"That horse there is Hitting Away, and he don't know it yet but he's going to run on grass, too. I've had a big fight with him over who was going to be the boss, him or me. I'm going to be the boss.
"Another thing I have is 2-year-olds. One of 'em is Henry The Eighth. He's by Bold Ruler out of Flirtatious, and I like him. But most of all I got 2-year-old fillies. Sometimes I don't even know how many I got. Every place I look there's a filly. I got one called No Resisting, one called Medici, one called Fashion Verdict and one called Bold Princess. I guess it's just a matter of throwing a saddle on them and letting them run."
At Saratoga this month Sunny Jim threw a saddle on Bold Princess and she easily won the $29,250 Schuylerville Stakes. He also put Hitting Away on the grass twice at Saratoga and he has won both times. So remember the names of those other orchids: No Resisting, Medici and Fashion Verdict.
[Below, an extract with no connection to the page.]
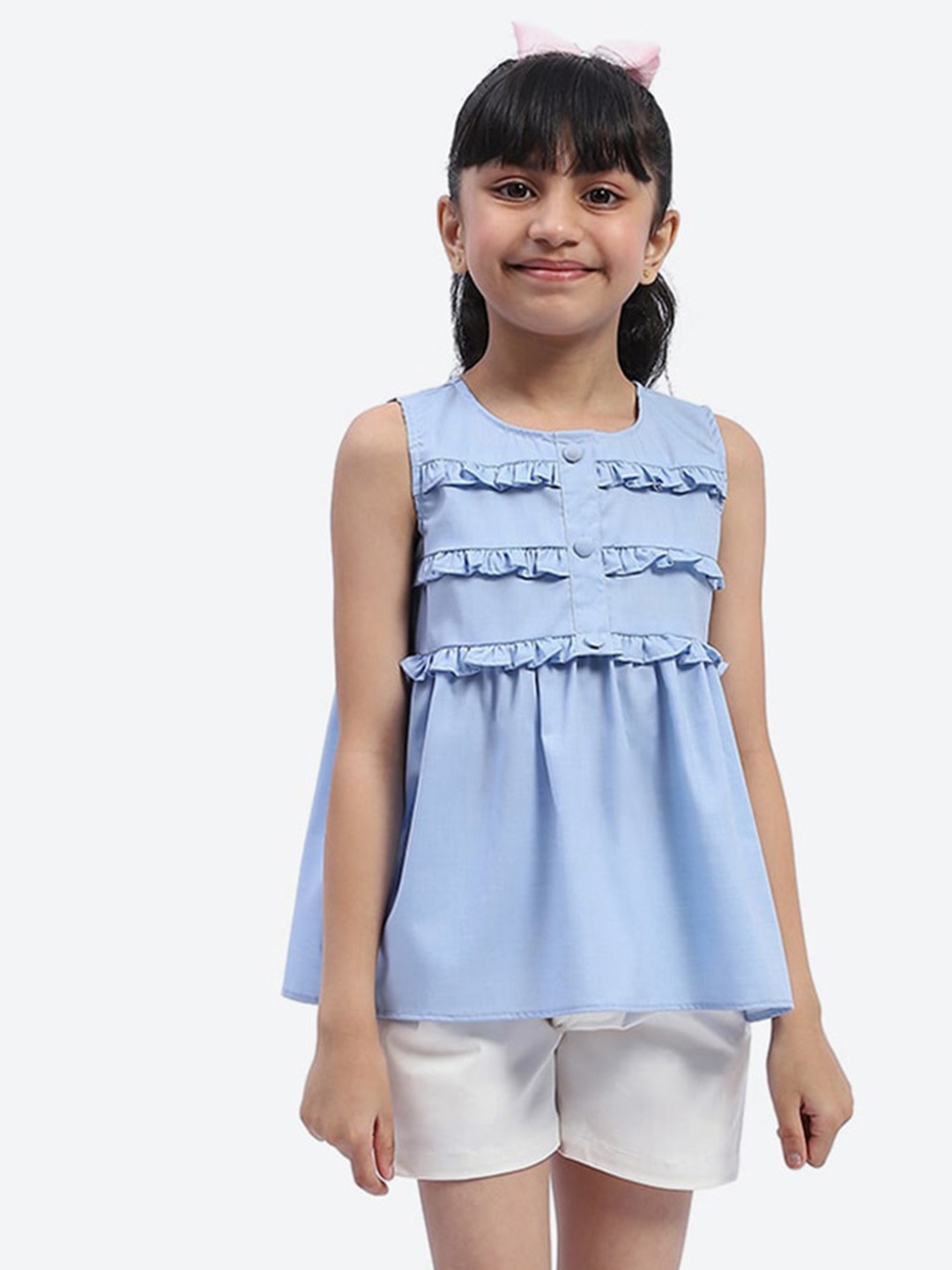 

ShilpShakti Round Neck Ruffle & Pleated Detailing Pure Cotton Casual Top With Shorts, Blue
American amateur tennis has sunk to such a low that when the U.S. Davis Cup team lost to Mexico in the American Zone semifinal—the earliest we have ever been eliminated from Davis Cup play—there was no talk of its being an upset. The superior Mexican team won at half speed, so to speak, and it was the U.S. that was fired up and almost pulled off a surprise victory. Mexico's star, 23-year-old Rafael Osuna, lost one of his singles matches, almost lost the other and won the doubles with his partner, Antonio Palafox, mostly because of the inept play of the American, Dennis Ralston. America's Chuck McKinley stunned Osuna in straight sets in the opening singles match, and then Jack Douglas played him into exhaustion and almost beat him in a five-set match. Osuna, one of the top amateur players in the world, must regain the touch that was missing in the matches with the U.S. if Mexico is to beat Yugoslavia, Sweden and India and gain the Challenge Round against Australia in December.
If they do get to Australia, the Mexicans could be tough. Osuna plays best on grass, and that's the surface he'll have in Australia. And Palafox has played brilliantly enough on occasion to beat players like Australia's Rod Laver, probably the No. 1 amateur in the world today. "When Palafox is on his game and playing with courage, no one can beat him," says Mexico's captain, Ponch Contreras. "Unfortunately, this does not occur often."
The old adage holds that pitching is 75% of baseball. Don't sneer at old adages. The Kansas City Athletics are first in the league in hitting, 10th in pitching—and stand where? Ninth.
THE WISE GUISE
It seemed like such a kindly project when Chicago FM station WCLM got a license from the Federal Communications Commission to operate on two bands. One band offered typical FM fare—all music, little news. The other, broadcasting on a special frequency that could be picked up only by special equipment, was to be a continual report of sports news, with a little general news and very little music. The idea, someone said, was to provide sports news "for old folks and shut-ins." And it was arranged for one of the special receivers to be placed in an old folks' home.
Recently, after sporadic raiding of bookie joints, the Chicago police noticed that they had confiscated nine of the special receivers out of a total of only 27 that are known to exist. Moreover, the receivers were getting race results from such distant tracks as Hialeah directly after each race, a convenience that could serve as prophylaxis against the bookie's dread disease—past-posting.